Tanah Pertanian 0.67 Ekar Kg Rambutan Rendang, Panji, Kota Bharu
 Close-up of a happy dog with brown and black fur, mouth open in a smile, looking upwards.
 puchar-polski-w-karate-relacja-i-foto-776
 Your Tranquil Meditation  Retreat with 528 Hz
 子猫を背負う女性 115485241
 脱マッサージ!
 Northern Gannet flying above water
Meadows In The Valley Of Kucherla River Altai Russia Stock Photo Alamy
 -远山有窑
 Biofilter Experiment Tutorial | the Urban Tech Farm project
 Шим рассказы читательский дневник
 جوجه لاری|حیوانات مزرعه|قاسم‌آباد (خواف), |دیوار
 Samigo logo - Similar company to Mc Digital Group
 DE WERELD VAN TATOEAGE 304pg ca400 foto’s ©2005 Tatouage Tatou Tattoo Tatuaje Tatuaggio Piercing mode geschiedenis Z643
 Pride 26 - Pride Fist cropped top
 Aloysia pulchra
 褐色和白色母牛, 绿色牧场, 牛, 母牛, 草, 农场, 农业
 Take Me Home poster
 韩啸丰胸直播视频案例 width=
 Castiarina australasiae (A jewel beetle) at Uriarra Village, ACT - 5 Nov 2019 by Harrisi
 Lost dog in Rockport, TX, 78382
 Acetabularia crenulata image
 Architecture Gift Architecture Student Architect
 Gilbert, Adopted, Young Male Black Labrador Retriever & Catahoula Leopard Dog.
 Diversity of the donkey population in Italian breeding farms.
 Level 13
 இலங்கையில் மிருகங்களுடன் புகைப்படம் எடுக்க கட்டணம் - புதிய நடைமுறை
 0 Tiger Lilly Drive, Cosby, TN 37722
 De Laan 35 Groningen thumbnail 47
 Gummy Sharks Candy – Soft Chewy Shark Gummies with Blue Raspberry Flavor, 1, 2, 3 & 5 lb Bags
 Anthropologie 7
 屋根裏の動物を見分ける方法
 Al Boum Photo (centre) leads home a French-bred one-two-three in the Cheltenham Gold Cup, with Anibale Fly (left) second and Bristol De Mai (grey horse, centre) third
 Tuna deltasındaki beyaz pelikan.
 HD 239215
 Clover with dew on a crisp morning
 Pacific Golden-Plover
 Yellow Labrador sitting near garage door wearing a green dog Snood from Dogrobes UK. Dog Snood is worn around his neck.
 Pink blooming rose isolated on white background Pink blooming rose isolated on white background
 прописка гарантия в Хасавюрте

********************

◆ **What you need to do**: In the material above, find each line containing the word "Photo" and copy it.

◆ **Exercise answer**:
Meadows In The Valley Of Kucherla River Altai Russia Stock Photo Alamy
 Al Boum Photo (centre) leads home a French-bred one-two-three in the Cheltenham Gold Cup, with Anibale Fly (left) second and Bristol De Mai (grey horse, centre) third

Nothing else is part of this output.